Appendix

Categorical Cross Entropy

Part-1

In the case of multi-class classification, the output layer after softmax can be viewed as a conditional probability distribution over the labels given the data-point. This is a categorical distribution over the \(k\) classes. Let us call it \(q(y\ |\ x)\). This is the predicted distribution. There is a true distribution over the labels. Let us call it \(p(y\ |\ x)\). Note that both are conditional distributions of the label given the data-point.
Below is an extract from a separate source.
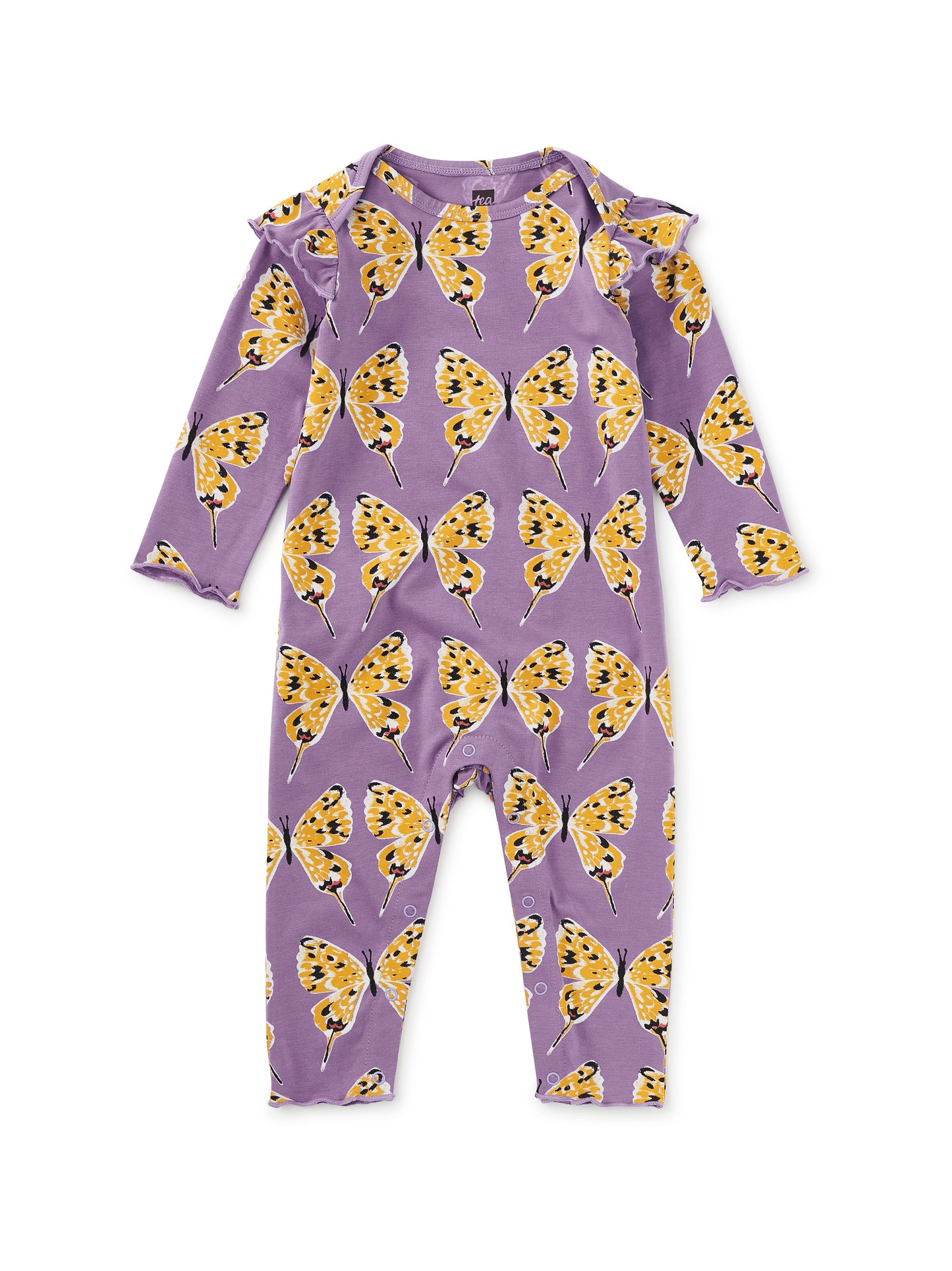 Tea Collection Girls Purple Butterflies Long Sleeve Outfit Size: 6-9 Months Purple Butterflies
The (conditional) cross-entropy of these two conditional distributions is given as follows: $$ H \Big( p(y\ |\ x), q(y\ |\ x) \Big) = -\sum \limits_{x} p(x) \sum \limits_{y} p(y\ |\ x) \log q(y\ |\ x) $$ Note that this is really the expectation of some function \(f(x)\) over the marginal distribution \(p(x)\):

\[ \begin{aligned} E[f(x)] &= \sum \limits_{x} p(x) f(x)\\ &= E \left[- \sum \limits_{y} p(y\ |\ x) \log q(y\ |\ x) \right] \end{aligned} \]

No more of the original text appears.